In the Northern Hemisphere There Is a Significant Excess of Births in May Compared with Those in November. Some external influence appears to operate upon the fetal environment during the northern hemispheric winter months.

There seem to be two questions that one can try to answer on the basis of the data discussed above.

Is MS a Polygenetic Disease with Reduced Penetrance?

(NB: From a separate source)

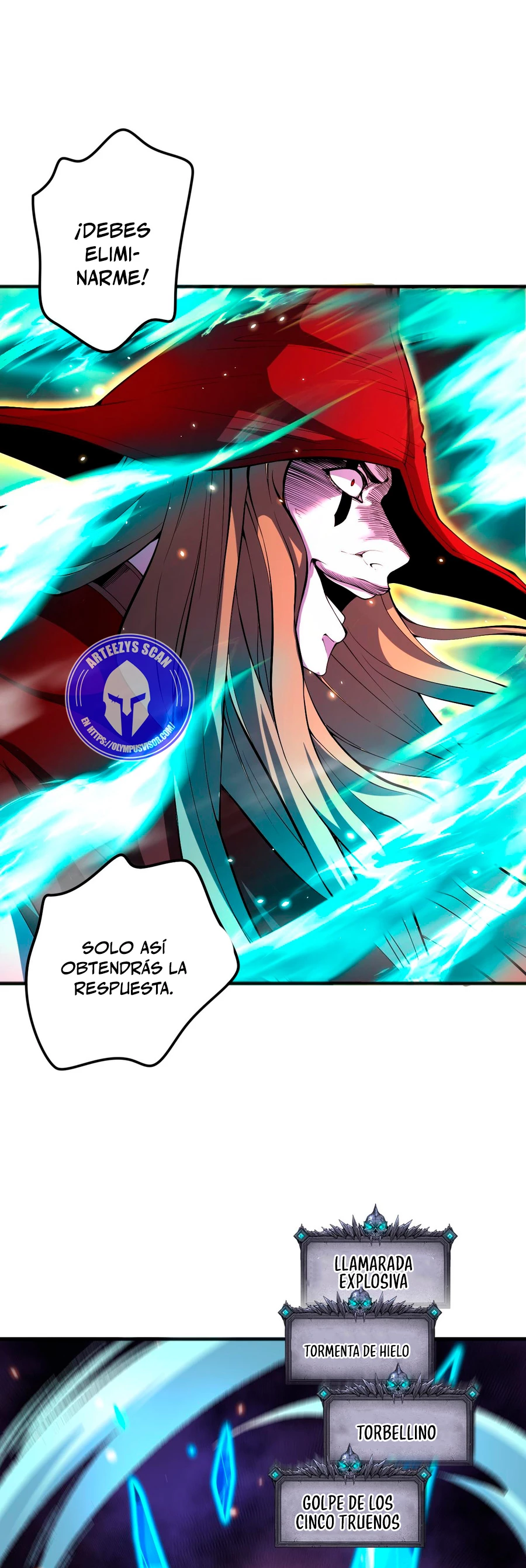 ¡Nigromante¡, ¡Yo soy la plaga! Capítulo 61 - Page 15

Observations from twin, family, and racial studies leave little doubt that there is a genetic component to the etiology of MS (Fig. 1), the risk increasing with genetic similarity; but the mode of inheritance is neither purely recessive, nor dominant or X-linked. That MS is a genetic disease with multiple genes that contribute variably to both phenotype and susceptibility may be close to the truth, but it cannot be the whole truth, since 100% concordance between twins is not observed, thus ruling out any pure Mendelian mechanism.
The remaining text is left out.